*** Opening Recorded data ***

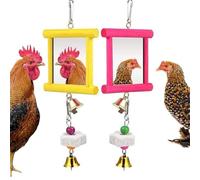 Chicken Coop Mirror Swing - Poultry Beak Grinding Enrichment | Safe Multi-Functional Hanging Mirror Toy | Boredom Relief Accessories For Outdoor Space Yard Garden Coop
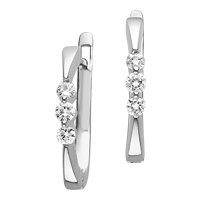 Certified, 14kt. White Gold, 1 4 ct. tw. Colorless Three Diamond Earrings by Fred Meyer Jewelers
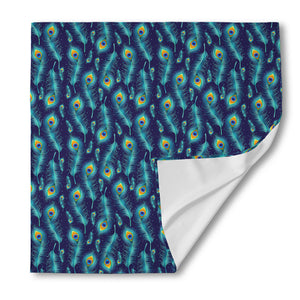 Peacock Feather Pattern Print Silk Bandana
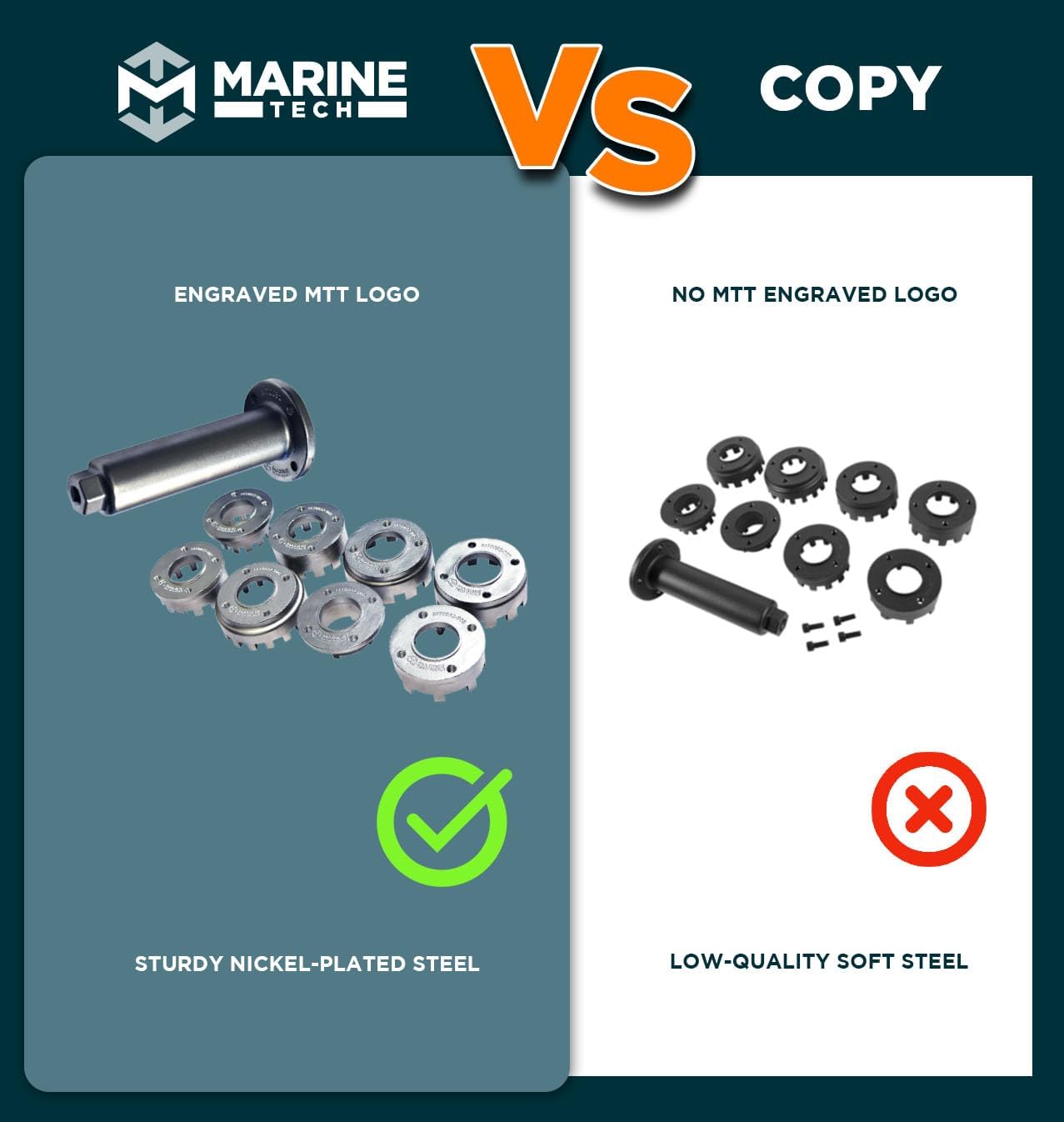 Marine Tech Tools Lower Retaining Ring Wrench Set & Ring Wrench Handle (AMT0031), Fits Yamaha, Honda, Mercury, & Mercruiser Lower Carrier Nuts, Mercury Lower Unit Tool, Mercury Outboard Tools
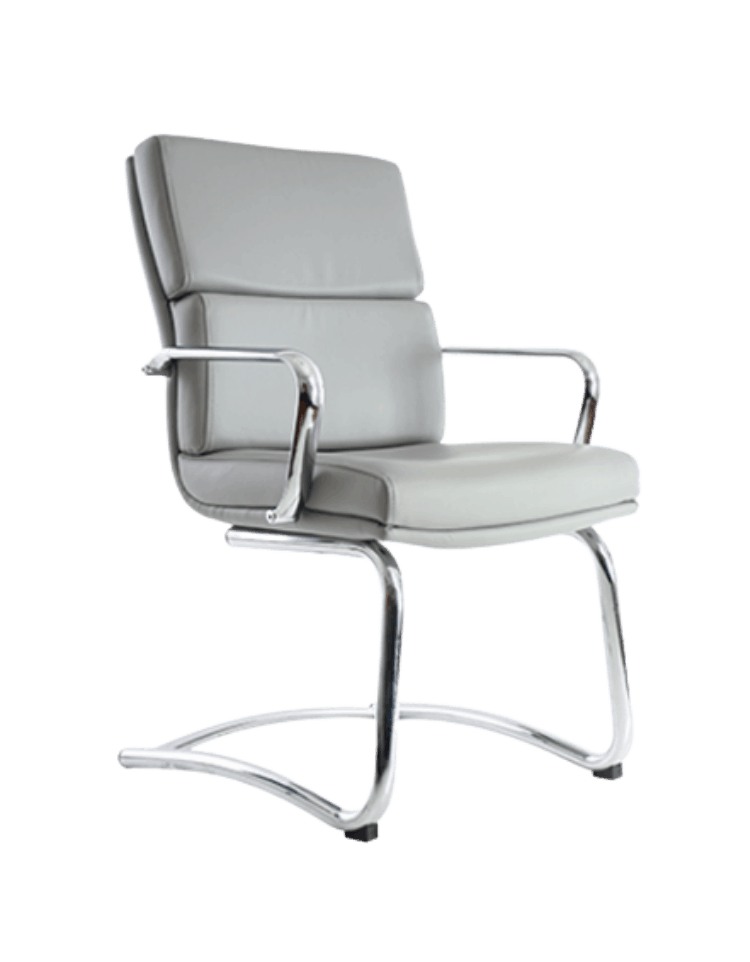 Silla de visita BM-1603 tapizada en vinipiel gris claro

*** Closing Recorded data ***
*** Opening Recorded data ***

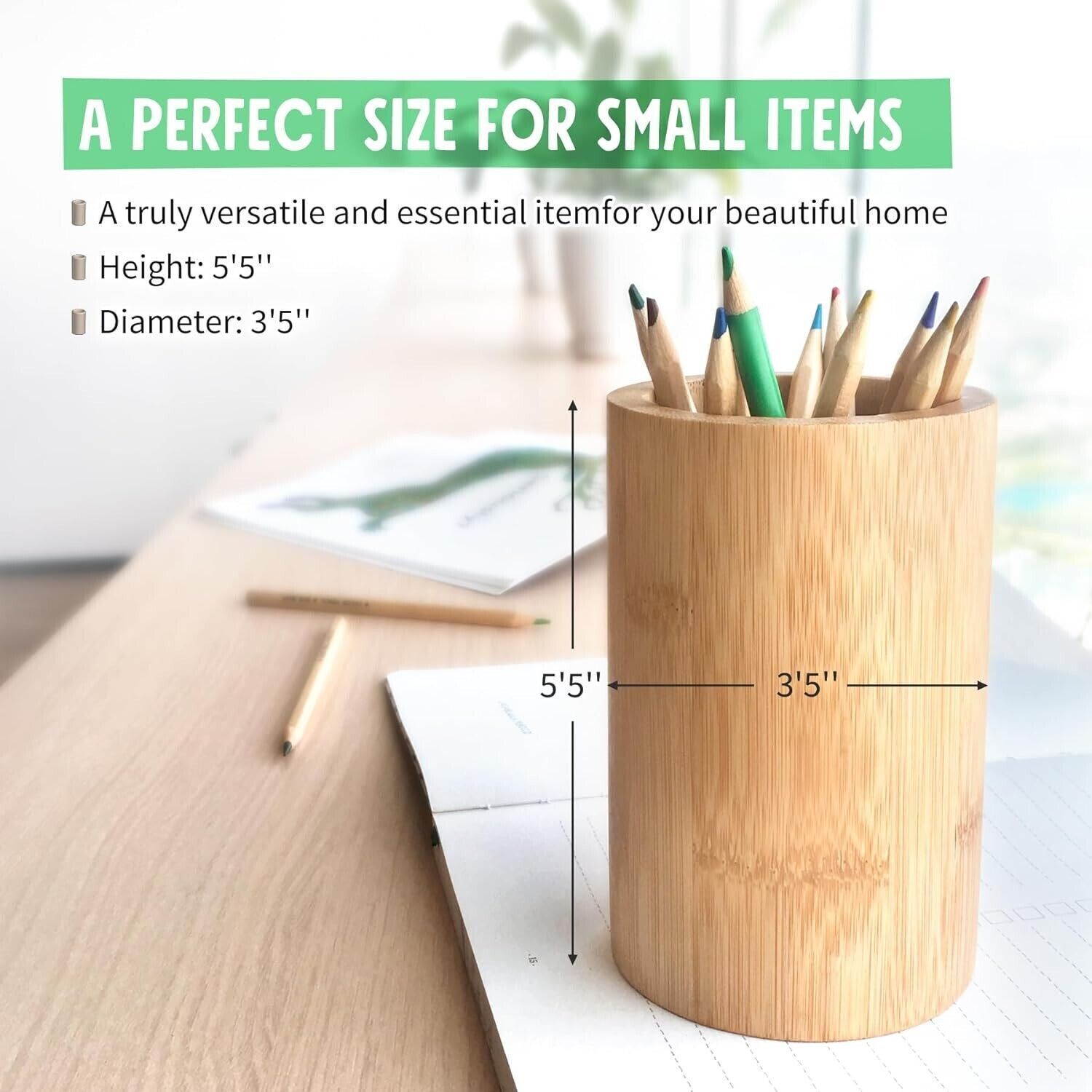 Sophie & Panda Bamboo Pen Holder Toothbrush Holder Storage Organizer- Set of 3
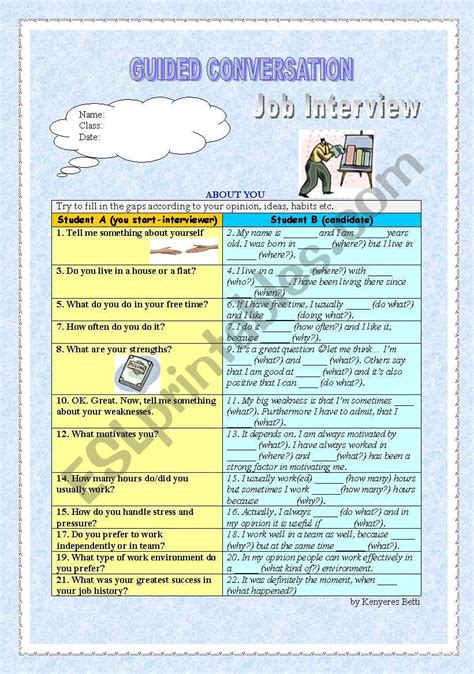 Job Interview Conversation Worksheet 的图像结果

*** Closing Recorded data ***
*** Opening Recorded data ***

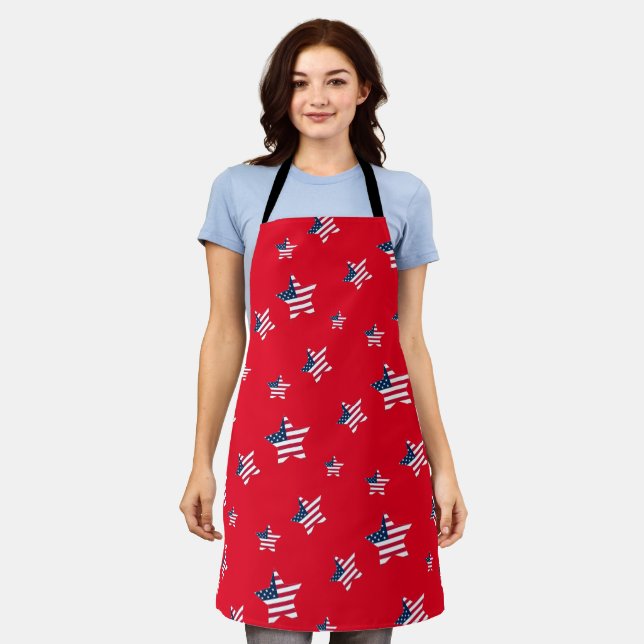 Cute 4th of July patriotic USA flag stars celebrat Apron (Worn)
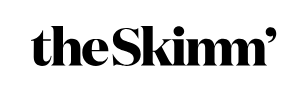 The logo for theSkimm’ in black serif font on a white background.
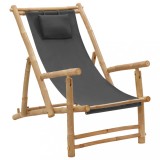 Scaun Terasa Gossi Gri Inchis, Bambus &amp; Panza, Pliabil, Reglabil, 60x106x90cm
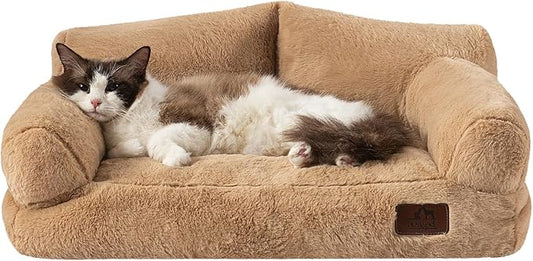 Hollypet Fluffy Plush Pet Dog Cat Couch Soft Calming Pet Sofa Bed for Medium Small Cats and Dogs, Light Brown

*** Closing Recorded data ***

◆ Work instructions ◆
When you reach the line that has "Chicken Coop Mirror" in the data above, start repeating lines exactly, and stop after the line that has "Peacock Feather Pattern Print Silk Bandana"; pictures stay out.

◆ Your solution ◆
 Chicken Coop Mirror Swing - Poultry Beak Grinding Enrichment | Safe Multi-Functional Hanging Mirror Toy | Boredom Relief Accessories For Outdoor Space Yard Garden Coop
 Certified, 14kt. White Gold, 1 4 ct. tw. Colorless Three Diamond Earrings by Fred Meyer Jewelers
 Peacock Feather Pattern Print Silk Bandana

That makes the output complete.